Back over to the brokerage now, where Margaret's returning to her desk, where her co-worker tells her Bennett just buzzed and she's on. Margaret retrieves a wedding ring from her desk and slips it on before heading into Bennett's office.
It's in there that she delivers the same message about Mr. Bennett needing to get ready for his meeting with the Cunard people. This time, however, the mark has his back to us and didn't even look around when Margaret came in, which is conspicuous enough so that we already know we're going to know this person is when he eventually does turn around, which he does when Bennett introduces him as "Abe Redstone.' It's Arnold Rothstein, and Margaret visibly falters at the sight of him, and can't even finish saying it's a pleasure to make his acquaintance. He maintains his composure much better, even playing along, all "Mrs.… Rowan, was it?" He's much more adept at the improvisation and as he gets up, takes her hand and says he has the distinct impression that they've met. She couldn't look more obviously lying as she says she's sure he's mistaken. Then he comes up with something: gloves! "You attended to me at Best and Company. Finer men's accessories?" Again, Margaret fails to oblige him and says she's never worked there, so he gives up and says, "My mistake."

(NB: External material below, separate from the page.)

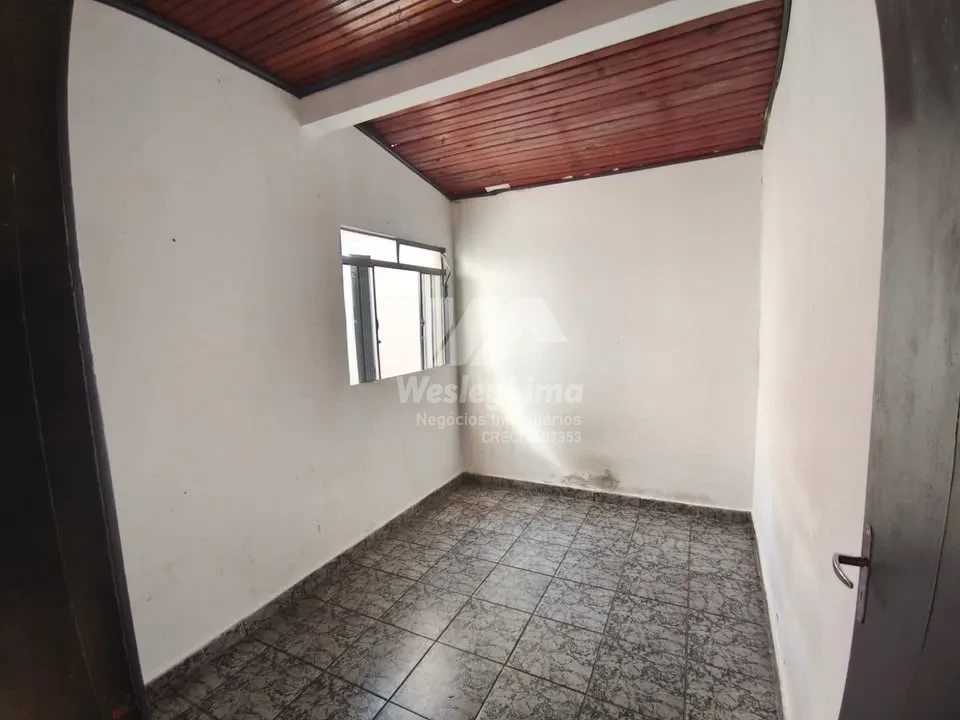 Casa à Venda no João Paz em Londrina – 4 Quartos, Garagem para 4 Carros e Terreno de 220m²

So Bennett attempts to get the Anaconda con back on track, and explains he was just telling "Redstone" that he advised her husband to get into Anaconda, except now Margaret has lost her ability to follow a script too, especially when Rothstein is asking questions like, "And what does your husband do? (Answer: sells railroad equipment). Margaret's all, "Yeah, hubby bought in", and Bennett tries to steer things back to the "Didn't you talk him out of it?" routine. Margaret lamely is all, "Oh yeah, we lost everything thanks to not buying into Anaconda" and then excuses herself, saying she's not feeling well. The men watch her leave, and Rothstein turns to Bennett after she's gone. "Nervous type," he says.
At the Onyx Club, Chalky meets with Narcisse to give the good doctor his cut, which is envelope full of a good chunk of change. It's been a good week, says Chalky, which Narcisse interprets to mean Daughter Maitland has been a success. "She all right," says Chalky, noncommittally, and Purnsley says from behind Chalky that she's putting asses in the seats. Before Purnsley can completely destroy his bargaining position, Chalky figures he'd better get to it, and says he wants to extend Daughter's run. Narcisse says it's impossible, because she's committed to appear in Louisville next weekend. Chalky suggests Louisville find someone else, so the bargaining begins. Narcisse isn't overly enamored of Chalky's initial offering, which is the whisky he already offered, and counters with the permission to open a chapter of his negro improvement club on the North Side. What with its lofty goals and congenial-sounding activities like the "free exchange of ideas," Chalky's hard-pressed to come up with a reason to say no, and he even looks to Purnsley, who kind of shrugs. "The good people of Louisville will do without her another month," says Narcisse.